WORK ITEM:
Instruction for the entries below: return the part that opens with the line containing "Turquoise Angel’s Influence" and closes with the line containing "口論している若いカップル（夫婦）", exactly, and no pictures.

AVAILABLE DATA:
:::

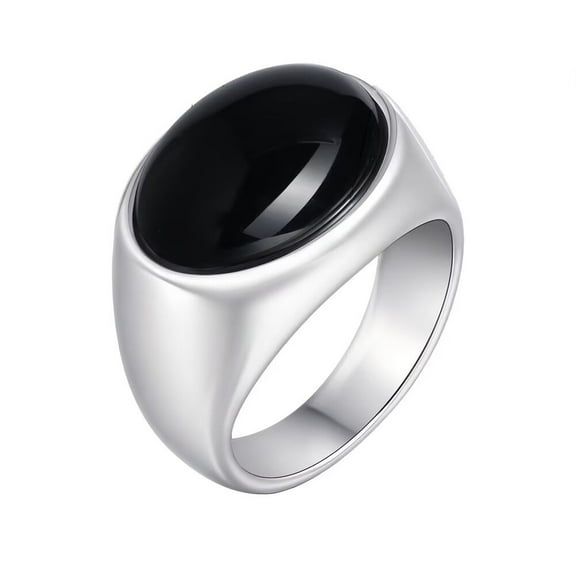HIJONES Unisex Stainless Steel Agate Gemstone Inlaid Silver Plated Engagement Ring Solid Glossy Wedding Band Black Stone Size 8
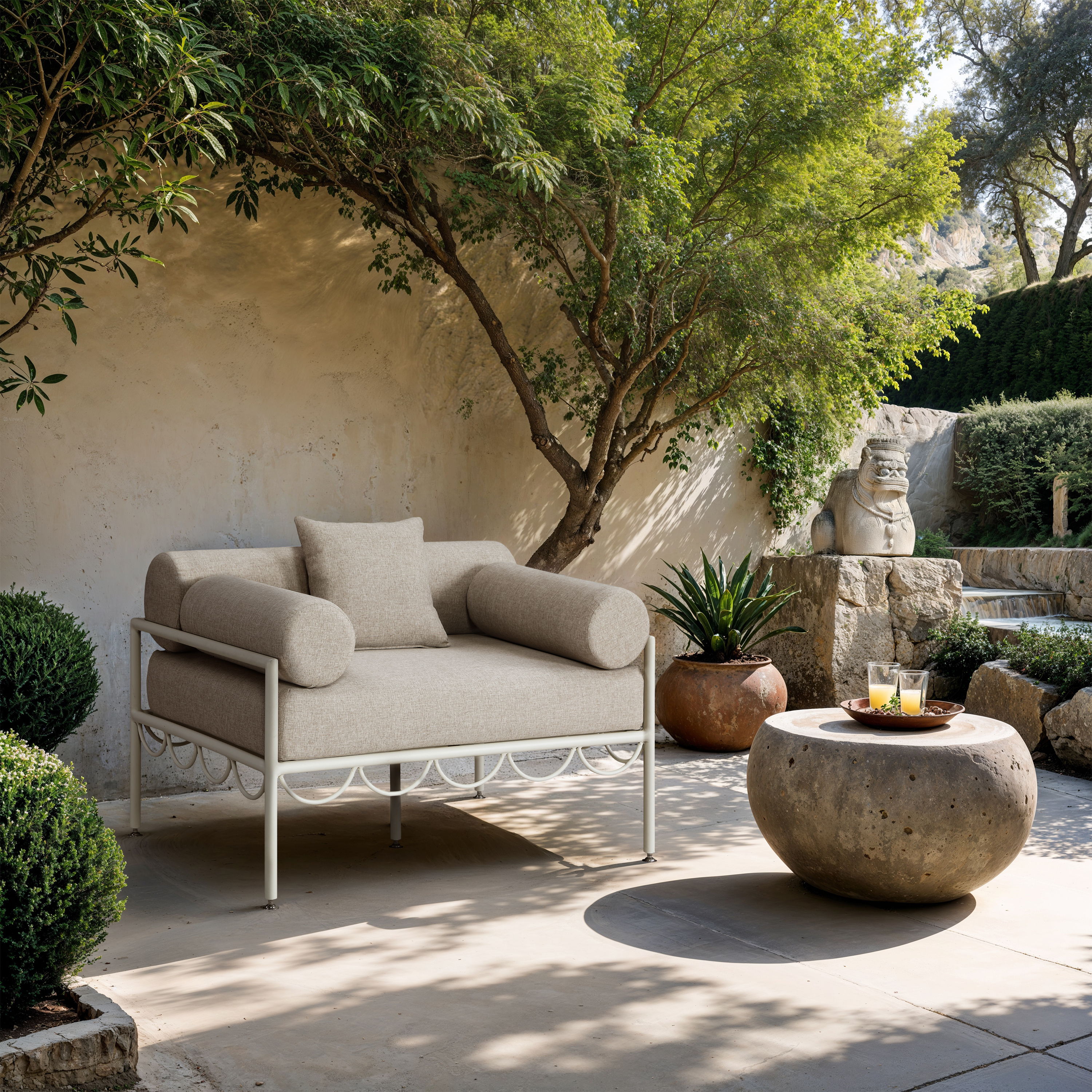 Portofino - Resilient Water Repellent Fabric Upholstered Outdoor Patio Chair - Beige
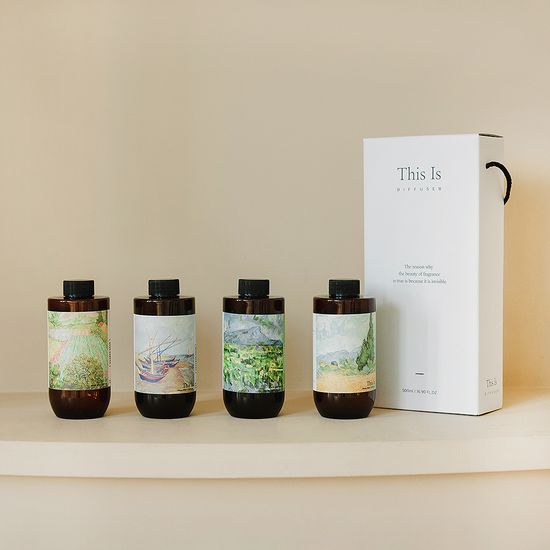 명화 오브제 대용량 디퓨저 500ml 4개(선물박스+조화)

:::

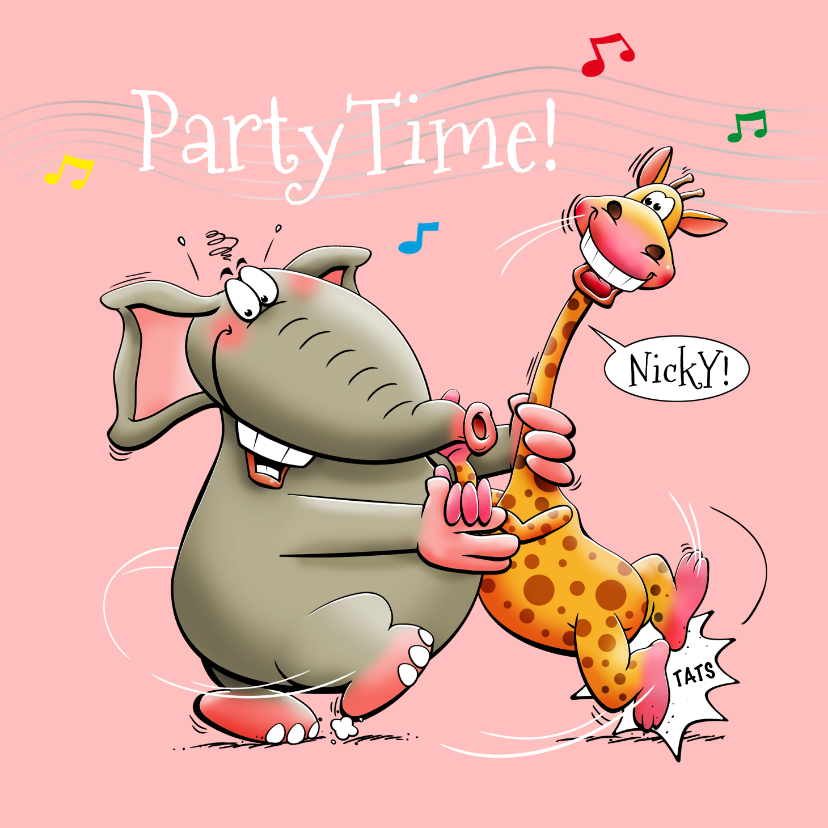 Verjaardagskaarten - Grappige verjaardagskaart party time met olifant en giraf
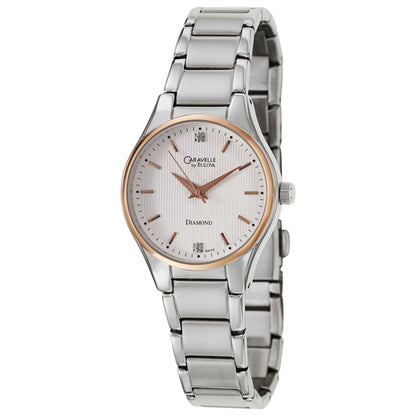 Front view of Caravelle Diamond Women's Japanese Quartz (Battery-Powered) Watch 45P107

:::

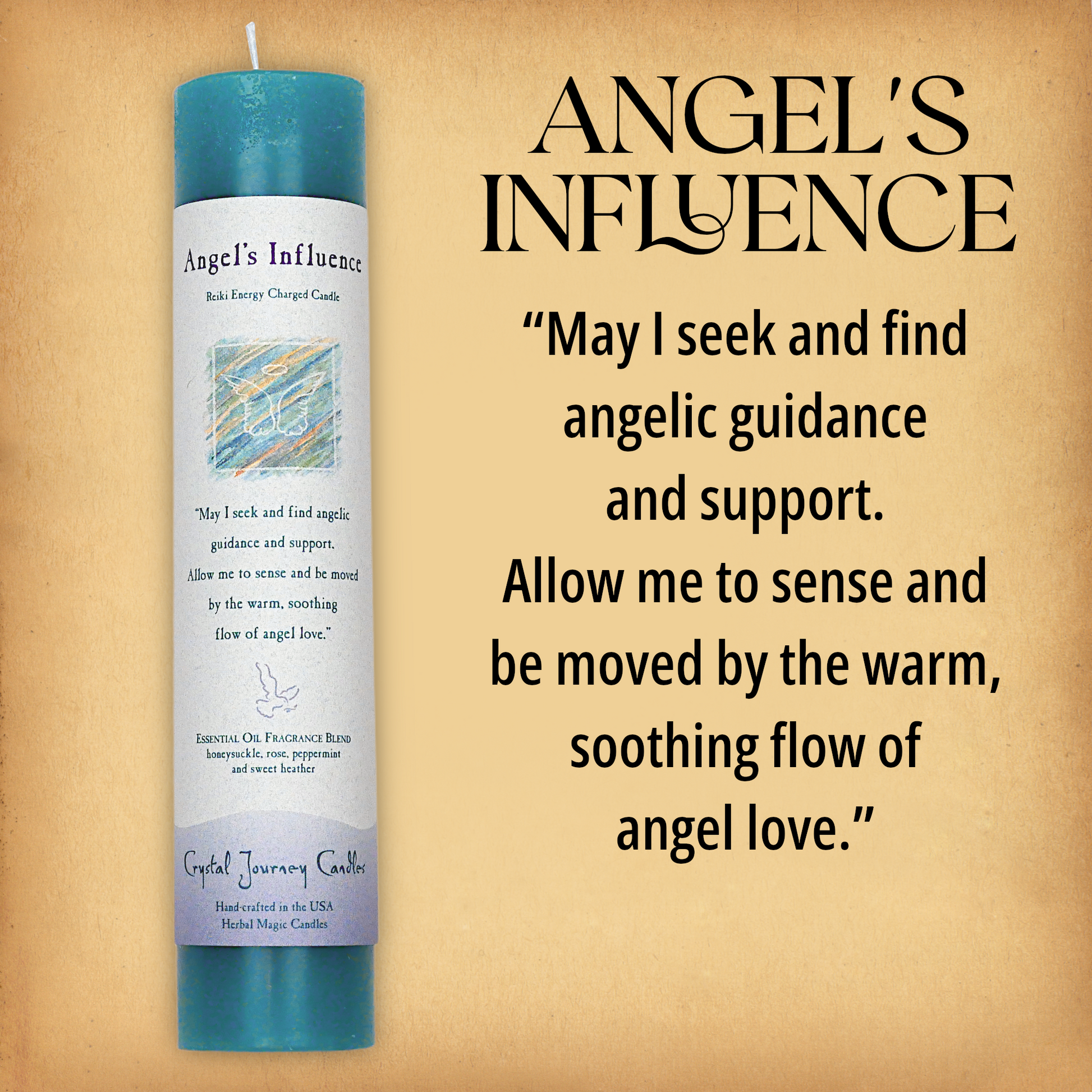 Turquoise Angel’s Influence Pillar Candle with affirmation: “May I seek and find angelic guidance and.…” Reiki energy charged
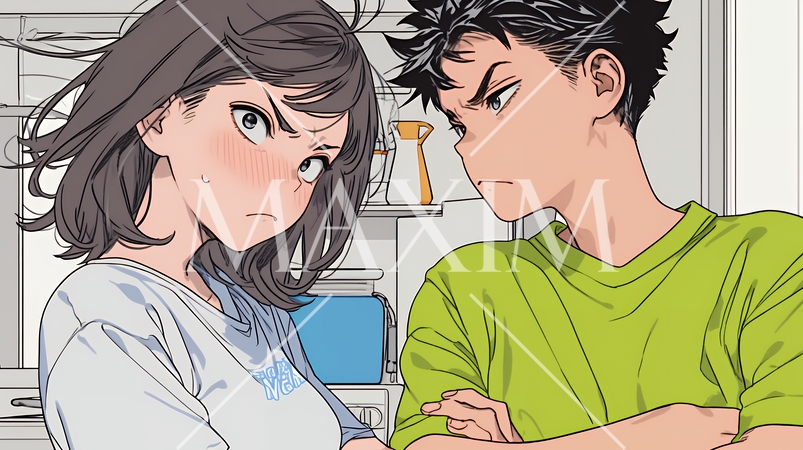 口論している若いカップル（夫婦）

:::

EXERCISE RESPONSE:
 Turquoise Angel’s Influence Pillar Candle with affirmation: “May I seek and find angelic guidance and.…” Reiki energy charged
 口論している若いカップル（夫婦）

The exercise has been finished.